San Francisco’s Proposition F proposed lowering the voting age for local elections from 18 to 16. Had it passed, 16- and 17-year-olds would have been allowed to vote on local candidates and ballot measures. It would not have given them voting rights for statewide candidates and ballot measures or for federal candidates.

In nearby Berkeley, however, voters passed Measure Y1, which also lowers the voting age to 16, but only for electing people to the Berkeley Unified School District Board of Directors.

San Francisco City Controller Ben Rosenfield estimated that lowering the city’s voting age would increase the number of registered voters by about 1 percent if those teens registered at the same rate as the general population.
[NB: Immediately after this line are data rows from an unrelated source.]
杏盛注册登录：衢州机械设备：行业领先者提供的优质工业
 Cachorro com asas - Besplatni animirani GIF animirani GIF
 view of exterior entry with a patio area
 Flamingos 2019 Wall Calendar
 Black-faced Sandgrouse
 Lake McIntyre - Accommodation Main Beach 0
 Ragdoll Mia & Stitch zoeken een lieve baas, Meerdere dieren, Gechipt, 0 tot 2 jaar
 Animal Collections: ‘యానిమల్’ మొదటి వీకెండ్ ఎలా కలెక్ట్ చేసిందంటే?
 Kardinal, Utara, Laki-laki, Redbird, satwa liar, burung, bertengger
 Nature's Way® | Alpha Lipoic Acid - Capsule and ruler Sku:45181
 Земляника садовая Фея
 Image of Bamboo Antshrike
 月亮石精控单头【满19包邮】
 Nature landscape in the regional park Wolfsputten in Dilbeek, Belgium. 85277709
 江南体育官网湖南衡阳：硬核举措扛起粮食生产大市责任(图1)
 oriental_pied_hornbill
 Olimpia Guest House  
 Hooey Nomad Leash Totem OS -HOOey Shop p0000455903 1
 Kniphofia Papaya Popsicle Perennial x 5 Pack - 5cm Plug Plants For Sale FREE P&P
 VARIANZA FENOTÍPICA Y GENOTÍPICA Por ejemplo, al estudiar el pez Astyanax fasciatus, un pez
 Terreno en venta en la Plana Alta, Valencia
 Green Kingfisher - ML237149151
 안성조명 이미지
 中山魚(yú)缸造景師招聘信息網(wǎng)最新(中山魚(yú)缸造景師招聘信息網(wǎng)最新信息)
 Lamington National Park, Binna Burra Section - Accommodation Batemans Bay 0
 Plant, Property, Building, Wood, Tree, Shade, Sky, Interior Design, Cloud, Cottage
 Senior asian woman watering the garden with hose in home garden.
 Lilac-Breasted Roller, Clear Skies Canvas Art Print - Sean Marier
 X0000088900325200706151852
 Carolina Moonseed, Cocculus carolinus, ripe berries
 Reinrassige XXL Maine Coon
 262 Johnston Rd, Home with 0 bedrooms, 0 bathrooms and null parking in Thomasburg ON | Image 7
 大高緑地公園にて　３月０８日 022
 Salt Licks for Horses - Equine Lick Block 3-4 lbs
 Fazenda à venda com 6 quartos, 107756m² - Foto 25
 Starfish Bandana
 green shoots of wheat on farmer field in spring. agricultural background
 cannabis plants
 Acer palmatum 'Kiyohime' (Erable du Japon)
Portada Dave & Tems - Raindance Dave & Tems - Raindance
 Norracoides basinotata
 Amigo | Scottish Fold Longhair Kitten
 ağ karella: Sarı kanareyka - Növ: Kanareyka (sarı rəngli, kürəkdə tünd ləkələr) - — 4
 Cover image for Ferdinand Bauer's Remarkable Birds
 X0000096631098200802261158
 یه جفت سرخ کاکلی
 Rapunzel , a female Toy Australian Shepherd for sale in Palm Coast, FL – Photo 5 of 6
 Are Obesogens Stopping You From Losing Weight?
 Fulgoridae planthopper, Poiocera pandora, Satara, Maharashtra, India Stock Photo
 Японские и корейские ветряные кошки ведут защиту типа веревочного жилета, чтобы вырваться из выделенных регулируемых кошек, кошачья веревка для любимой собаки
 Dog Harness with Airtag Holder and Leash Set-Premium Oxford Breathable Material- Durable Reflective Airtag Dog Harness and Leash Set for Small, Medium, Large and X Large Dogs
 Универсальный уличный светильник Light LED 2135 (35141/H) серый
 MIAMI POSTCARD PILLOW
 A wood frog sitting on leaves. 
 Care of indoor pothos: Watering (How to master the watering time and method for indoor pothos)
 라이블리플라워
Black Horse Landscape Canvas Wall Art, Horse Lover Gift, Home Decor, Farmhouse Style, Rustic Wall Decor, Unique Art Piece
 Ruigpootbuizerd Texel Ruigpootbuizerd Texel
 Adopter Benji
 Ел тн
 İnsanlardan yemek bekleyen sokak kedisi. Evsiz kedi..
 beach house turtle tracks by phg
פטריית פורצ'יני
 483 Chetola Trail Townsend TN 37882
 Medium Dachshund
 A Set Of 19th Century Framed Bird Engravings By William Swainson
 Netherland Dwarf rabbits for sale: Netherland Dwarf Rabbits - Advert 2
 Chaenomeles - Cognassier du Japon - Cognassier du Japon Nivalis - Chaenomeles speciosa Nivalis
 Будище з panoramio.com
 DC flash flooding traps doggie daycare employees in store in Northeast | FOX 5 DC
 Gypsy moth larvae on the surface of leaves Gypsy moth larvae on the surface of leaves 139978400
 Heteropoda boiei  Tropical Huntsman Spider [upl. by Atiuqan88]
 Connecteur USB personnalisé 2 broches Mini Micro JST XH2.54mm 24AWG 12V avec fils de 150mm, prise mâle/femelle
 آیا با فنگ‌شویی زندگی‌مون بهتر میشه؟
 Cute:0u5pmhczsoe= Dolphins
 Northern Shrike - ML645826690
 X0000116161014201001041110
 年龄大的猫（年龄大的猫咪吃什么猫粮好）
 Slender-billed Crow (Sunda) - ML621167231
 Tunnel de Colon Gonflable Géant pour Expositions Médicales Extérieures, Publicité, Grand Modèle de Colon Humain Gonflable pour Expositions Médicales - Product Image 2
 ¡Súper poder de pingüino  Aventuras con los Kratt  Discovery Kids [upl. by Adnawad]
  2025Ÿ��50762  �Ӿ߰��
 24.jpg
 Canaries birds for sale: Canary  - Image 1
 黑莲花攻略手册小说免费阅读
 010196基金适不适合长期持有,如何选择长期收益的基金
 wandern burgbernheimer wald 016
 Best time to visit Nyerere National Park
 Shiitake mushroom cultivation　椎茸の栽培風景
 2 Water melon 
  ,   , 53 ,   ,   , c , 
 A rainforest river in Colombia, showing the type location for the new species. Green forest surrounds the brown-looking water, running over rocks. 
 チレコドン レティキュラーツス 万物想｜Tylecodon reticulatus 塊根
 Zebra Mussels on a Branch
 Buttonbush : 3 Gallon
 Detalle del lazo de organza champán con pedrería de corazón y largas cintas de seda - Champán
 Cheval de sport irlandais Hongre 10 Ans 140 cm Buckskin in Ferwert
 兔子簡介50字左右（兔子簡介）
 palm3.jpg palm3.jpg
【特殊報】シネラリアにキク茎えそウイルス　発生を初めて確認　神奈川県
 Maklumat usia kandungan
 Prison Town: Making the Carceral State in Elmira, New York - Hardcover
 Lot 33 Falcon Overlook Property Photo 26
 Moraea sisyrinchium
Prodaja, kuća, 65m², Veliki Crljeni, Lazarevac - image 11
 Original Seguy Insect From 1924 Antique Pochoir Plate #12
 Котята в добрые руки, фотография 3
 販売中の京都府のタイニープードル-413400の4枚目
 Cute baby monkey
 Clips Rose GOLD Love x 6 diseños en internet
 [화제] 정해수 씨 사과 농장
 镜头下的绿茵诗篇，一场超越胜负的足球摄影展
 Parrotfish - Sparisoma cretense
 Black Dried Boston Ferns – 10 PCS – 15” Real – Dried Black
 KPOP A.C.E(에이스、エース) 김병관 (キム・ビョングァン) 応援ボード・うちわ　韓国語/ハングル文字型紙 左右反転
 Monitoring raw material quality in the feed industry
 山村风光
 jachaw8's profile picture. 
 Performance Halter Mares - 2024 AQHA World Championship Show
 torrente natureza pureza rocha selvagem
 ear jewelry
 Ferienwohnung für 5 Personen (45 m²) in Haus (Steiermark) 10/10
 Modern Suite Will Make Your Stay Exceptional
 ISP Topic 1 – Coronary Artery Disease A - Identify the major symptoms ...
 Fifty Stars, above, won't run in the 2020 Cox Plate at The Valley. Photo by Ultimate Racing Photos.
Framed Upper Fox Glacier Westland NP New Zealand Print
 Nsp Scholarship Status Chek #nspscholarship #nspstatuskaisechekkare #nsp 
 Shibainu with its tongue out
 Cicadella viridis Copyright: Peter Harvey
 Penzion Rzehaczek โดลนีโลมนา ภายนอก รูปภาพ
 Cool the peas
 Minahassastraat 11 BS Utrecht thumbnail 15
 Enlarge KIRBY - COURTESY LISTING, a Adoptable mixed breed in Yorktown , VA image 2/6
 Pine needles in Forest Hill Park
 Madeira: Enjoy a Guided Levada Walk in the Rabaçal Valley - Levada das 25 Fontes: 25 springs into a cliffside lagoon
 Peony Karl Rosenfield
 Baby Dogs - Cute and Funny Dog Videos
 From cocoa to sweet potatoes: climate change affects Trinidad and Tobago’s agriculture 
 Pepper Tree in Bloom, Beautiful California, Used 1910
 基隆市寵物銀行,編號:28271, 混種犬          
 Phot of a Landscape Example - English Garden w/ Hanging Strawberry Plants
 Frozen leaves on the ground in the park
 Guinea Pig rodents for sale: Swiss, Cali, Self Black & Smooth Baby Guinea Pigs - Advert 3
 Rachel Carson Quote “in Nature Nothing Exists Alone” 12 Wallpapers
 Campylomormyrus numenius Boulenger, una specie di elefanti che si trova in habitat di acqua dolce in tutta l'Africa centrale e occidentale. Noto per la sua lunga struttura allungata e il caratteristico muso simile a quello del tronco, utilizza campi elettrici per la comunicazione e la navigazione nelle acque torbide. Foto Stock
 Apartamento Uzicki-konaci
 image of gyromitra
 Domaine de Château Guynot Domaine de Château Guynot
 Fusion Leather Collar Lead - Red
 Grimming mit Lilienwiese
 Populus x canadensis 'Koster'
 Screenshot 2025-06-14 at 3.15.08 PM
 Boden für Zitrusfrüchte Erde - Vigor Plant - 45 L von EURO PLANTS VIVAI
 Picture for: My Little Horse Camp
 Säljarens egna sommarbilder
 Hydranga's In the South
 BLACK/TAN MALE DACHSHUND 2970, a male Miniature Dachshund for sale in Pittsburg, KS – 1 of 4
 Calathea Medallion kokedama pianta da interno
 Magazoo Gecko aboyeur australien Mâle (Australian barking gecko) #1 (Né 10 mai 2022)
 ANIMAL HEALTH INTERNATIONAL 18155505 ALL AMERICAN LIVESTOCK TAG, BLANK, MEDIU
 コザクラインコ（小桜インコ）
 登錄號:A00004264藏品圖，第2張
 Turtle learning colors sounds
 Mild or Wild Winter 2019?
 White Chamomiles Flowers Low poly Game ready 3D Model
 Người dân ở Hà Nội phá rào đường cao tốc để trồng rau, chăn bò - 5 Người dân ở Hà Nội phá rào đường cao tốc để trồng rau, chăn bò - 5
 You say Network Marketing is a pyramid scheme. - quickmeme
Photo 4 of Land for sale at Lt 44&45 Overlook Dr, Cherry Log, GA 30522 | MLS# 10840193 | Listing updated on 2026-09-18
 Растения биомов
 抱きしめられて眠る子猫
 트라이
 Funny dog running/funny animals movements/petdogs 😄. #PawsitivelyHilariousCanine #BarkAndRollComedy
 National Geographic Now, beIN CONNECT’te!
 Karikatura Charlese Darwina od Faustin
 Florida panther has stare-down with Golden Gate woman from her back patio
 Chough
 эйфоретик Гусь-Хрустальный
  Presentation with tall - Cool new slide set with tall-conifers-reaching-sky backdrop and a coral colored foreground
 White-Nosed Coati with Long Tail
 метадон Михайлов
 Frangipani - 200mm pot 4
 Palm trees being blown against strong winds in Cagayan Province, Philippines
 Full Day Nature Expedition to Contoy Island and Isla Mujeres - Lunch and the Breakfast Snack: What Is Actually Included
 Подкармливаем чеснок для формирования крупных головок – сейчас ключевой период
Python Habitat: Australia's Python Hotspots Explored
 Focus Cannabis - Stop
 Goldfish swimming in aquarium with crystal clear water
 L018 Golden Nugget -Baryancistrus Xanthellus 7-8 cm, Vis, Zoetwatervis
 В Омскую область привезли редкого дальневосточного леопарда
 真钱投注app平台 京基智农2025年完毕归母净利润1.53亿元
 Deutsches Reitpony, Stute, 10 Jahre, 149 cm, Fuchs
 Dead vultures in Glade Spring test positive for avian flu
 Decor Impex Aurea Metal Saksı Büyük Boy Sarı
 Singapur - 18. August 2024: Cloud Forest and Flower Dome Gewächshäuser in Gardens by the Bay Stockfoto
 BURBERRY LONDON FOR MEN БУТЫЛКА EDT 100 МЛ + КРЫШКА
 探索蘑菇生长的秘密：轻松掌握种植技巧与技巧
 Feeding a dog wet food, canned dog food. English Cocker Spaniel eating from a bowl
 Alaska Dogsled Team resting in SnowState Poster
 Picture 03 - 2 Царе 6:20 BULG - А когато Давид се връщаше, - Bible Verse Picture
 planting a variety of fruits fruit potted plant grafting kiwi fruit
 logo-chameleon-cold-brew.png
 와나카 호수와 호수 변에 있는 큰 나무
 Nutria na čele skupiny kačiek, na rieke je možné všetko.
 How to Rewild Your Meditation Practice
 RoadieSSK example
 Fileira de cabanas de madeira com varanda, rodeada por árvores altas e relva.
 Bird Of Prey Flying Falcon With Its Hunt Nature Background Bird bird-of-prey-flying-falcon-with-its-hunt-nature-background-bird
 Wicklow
Proposition F enjoyed some big-name support from House Minority Leader Nancy Pelosi (D-Calif.), who’s spoken out in the past about expanding voting rights to teens.

“I am all for ― I’d love to hear your thoughts on it; I know you’ll let me know ― for lowering the voting age to high school age, whether that’s 16 or 17,” she said in a speech at the Make Progress National Summit last year.

Advocates for Proposition F argued that increasing voter turnout is crucial given the rise of Donald Trump and stagnant local issues, such as homelessness. Research, its supporters said, shows that the younger someone is when they cast their first vote, the more likely they are to be a lifelong voter.

Supporters of Berkeley’s Measure Y1 cited similar expectations for a lower voting age making for more habitual voters and pointed to the relatively high voter turnout for 16- and 17-year-olds in the only two other cities that have passed similar ordinances: Takoma Park, Maryland, which in 2013 became the first municipality in the U.S. to let 16- and 17-year-olds vote in local elections, and nearby Hyattsville, Maryland, which made the same change in 2015.

Opposition to lowering the voting age cited inconsistencies in age limits for various privileges and punishments across the state.

“The age limits we have imposed are incredibly inconsistent and, truthfully, just don’t make sense from a macro perspective,” Supervisor Mark Farrell, who voted against putting the proposition on the ballot, told The San Francisco Chronicle.

Supervisor Malia Cohen, the only other one on the board to vote against putting it on the ballot, told the paper she was concerned a lower voting age would set a legal precedent for charging youths as adults.

“It’s a very slippery slope when we make the argument that if one can vote, one should be able to stand trial,” Cohen said.